# TASK DESCRIPTION
Your copy should hold only the lines from the one with "Here is the" to the one with "For fixed size", both included, each exactly as it stands below, with no pictures.

# RAW DATA
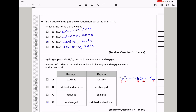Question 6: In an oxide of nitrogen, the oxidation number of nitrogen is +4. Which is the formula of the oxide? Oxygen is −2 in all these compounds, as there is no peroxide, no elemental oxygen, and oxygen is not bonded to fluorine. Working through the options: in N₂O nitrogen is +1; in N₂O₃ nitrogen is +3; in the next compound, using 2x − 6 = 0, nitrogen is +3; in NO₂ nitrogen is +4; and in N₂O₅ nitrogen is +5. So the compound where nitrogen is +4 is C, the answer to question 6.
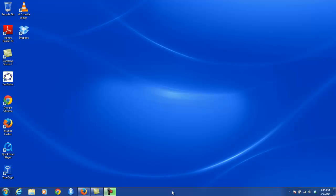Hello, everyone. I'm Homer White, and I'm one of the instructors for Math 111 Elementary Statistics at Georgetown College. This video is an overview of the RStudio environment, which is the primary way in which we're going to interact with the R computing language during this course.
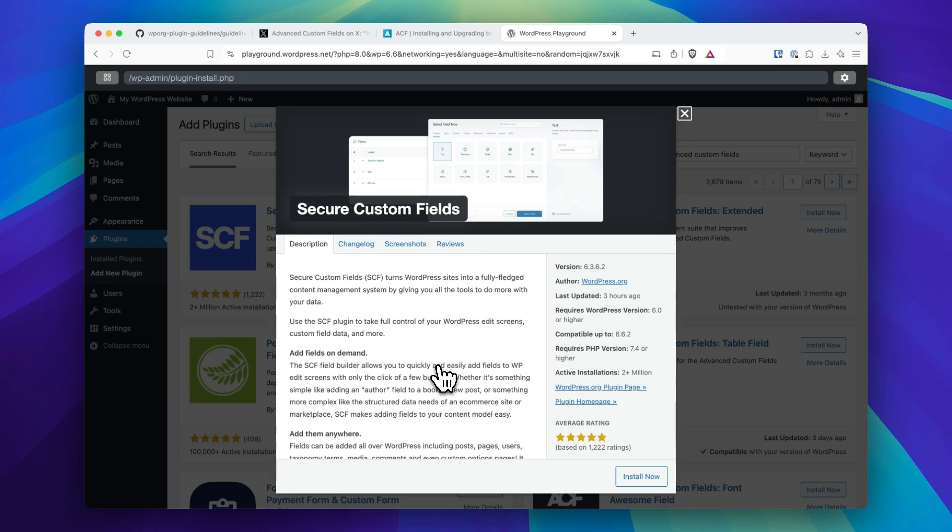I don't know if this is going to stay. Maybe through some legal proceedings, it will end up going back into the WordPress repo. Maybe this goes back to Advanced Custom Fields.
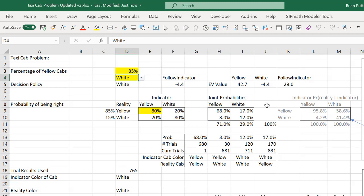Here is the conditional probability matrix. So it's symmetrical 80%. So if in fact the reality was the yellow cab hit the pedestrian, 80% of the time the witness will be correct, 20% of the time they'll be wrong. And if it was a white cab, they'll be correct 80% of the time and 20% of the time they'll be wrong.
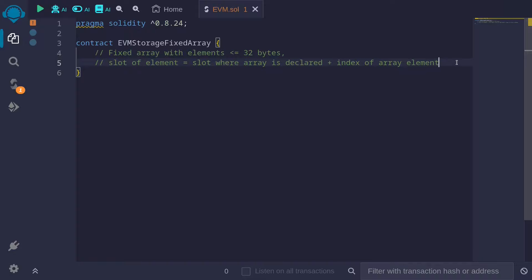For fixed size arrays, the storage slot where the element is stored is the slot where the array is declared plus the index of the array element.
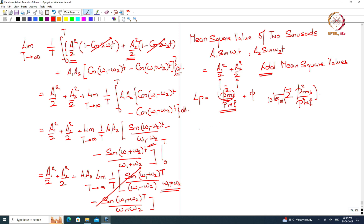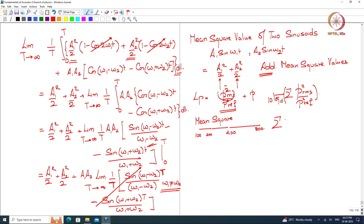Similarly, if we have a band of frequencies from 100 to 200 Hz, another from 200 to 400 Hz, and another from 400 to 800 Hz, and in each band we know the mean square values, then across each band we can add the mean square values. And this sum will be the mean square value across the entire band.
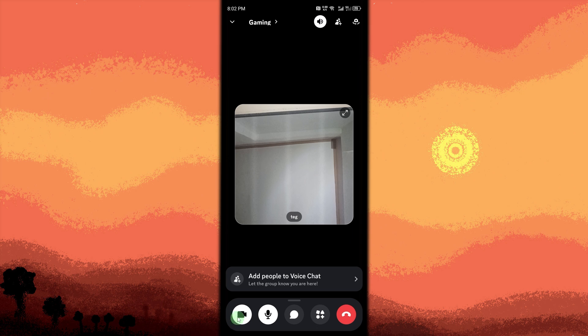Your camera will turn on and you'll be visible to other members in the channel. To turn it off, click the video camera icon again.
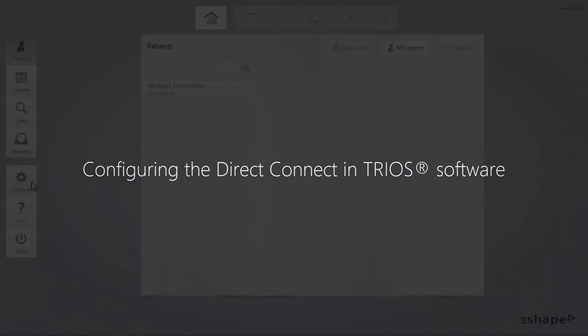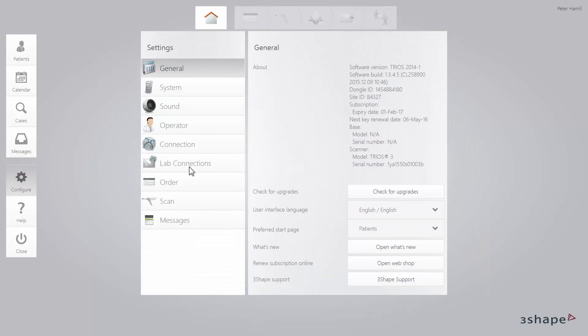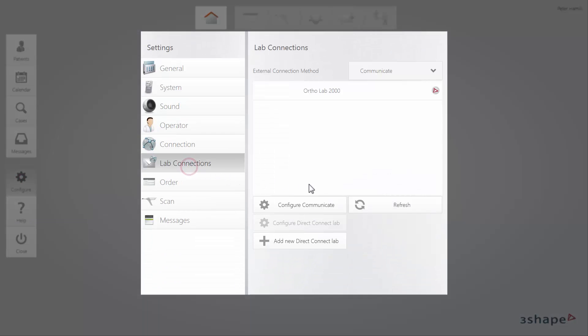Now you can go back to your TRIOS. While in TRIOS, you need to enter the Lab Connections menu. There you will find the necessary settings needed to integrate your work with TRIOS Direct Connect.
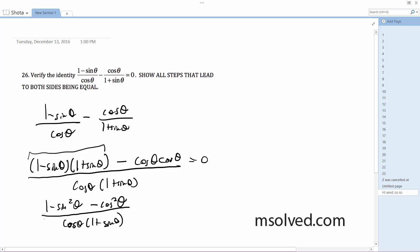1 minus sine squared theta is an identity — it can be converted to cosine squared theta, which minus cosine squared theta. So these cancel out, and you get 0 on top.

# EXERCISE RESULT
Here is the conditional probability matrix. So it's symmetrical 80%. So if in fact the reality was the yellow cab hit the pedestrian, 80% of the time the witness will be correct, 20% of the time they'll be wrong. And if it was a white cab, they'll be correct 80% of the time and 20% of the time they'll be wrong.
For fixed size arrays, the storage slot where the element is stored is the slot where the array is declared plus the index of the array element.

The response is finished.